Si aceptamos, sin conceder, las cifras maquilladas del Gobierno federal, que nos hablan de tres y medio millones de mexicanos sin empleo, y si partimos de que, según el Instituto Nacional de Estadística y Geografía (Inegi), cada familia la forman cuatro integrantes en promedio, resulta que más de 14 millones de mexicanos sufren la terrible tragedia del desempleo, con toda su horrible secuela de sufrimientos y carencias.
Sin ser economistas, ni especialistas en la materia, sabemos que el universo de desempleados y subempleados es mucho mayor. Para demostrar nuestro dicho basta recordar que medio millón de mexicanos huye cada año a Estados Unidos (EE. UU.) en busca de trabajo; que el número de adultos, jóvenes y niños, dedicados al comercio informal aumenta de manera incontenible; que día a día se saturan los principales cruceros de las grandes ciudades, con un enjambre de personas dedicadas a los más duros y denigrantes trabajos; que los individuos y bandas dedicados al narcotráfico, el secuestro, la trata de blancas y la prostitución infantil, también crecen de manera preocupante; que el número de los llamados ninis (es decir, jóvenes que ni estudian ni trabajan) se eleva a 7.5 millones; que las casas de empeño se multiplican como conejos; en fin, basta saber cuántos de nuestros parientes, amigos y vecinos son despedidos o rechazados diariamente, para comprobar que las cuentas alegres se nos dan son sólo eso, las cuentas alegres.

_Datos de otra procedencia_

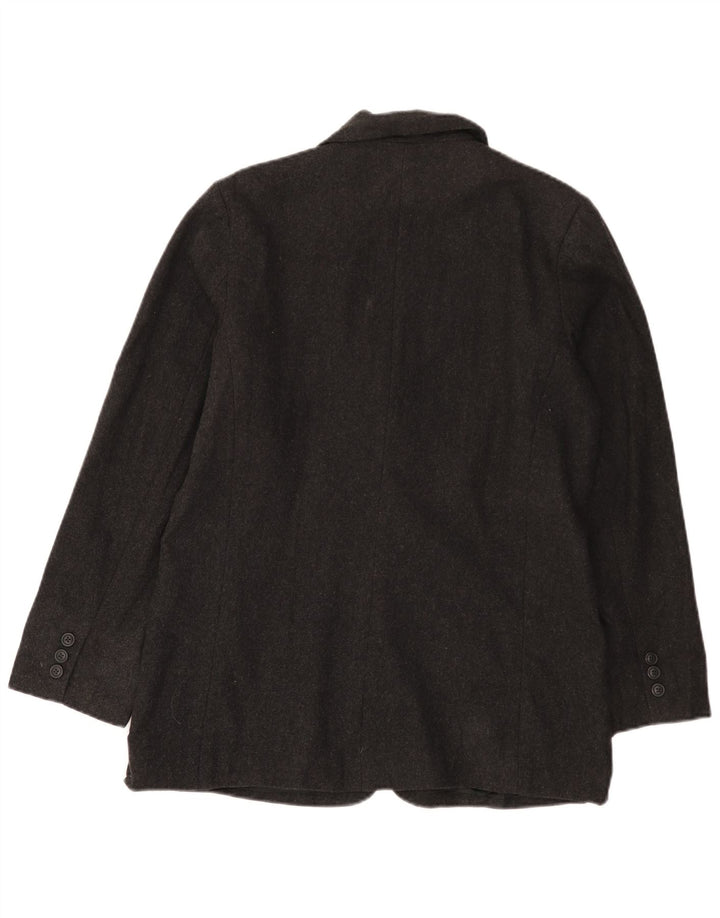 EDDIE BAUER Jachetă Blazer pentru femei cu 3 nasturi UK 14 Lână gri mediu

En un sistema como en el que vivimos, donde nuestra fuerza de trabajo está regida por la ley de la oferta y la demanda, la cantidad de puestos de trabajo se reduce peligrosamente frente al inmenso número de desempleados y subempleados que crece diariamente, en México y en el mundo; la demanda de fuerza de trabajo por parte de los empleadores disminuye drásticamente, mientras la oferta de fuerza de trabajo crece mil veces más rápido. Cualquiera sabe que, con esto, el valor de la mano de obra desciende irremediablemente; el trabajo asalariado se abarata hasta llegar a desaparecer para millones de desempleados, para los cuales, aunque suene amargo decirlo, no hay salida posible.
Pero lo más grave de todo, es que bajo el sistema capitalista en que vivimos, el flagelo del desempleo no tiene remedio. Es un mito, una quimera, esperar que, en una sociedad dividida en clases antagónicas, donde los dueños de las fábricas, el comercio y las finanzas no tienen otro Dios a quien adorar y complacer más que al ídolo de la máxima ganancia, el fantasma del desempleo pueda desaparecer algún día. Todo lo contrario.
Los empresarios no son damas de la caridad que hacen el bien sin mirar a quién. No compran fuerza de trabajo si ello no les asegura jugosas ganancias, y las promesas hasta ahora incumplidas del actual gobierno, así como los reclamos de los desocupados les importan un soberano cacahuate. Para ellos siempre será mejor y más rentable comprar una máquina que realice el trabajo de 50 obreros, que lo único que saben es pedir y pedir, mientras que aquella no se queja, ni exige, ni reclama ningún tipo de prestación. Para los capitalistas siempre será mejor invertir su dinero en negocios de bajo riesgo que les generan inmensas ganancias. Si a esto agregamos que los capitalistas mexicanos no reinvierten más que un mínimo de sus utilidades, mientras la mayor parte se la gastan en pitos y flautas, no vemos cómo y de dónde habrán de generarse tantos empleos como hacen falta.
Por todo lo anterior, no debemos cansarnos nuca de insistir en que, sólo un gobierno emanado del pueblo, que coloque en el centro de sus preocupaciones la situación de las grandes mayorías, podrá expulsar el desempleo, la miseria, la desigualdad y la injusticia de la faz de la tierra.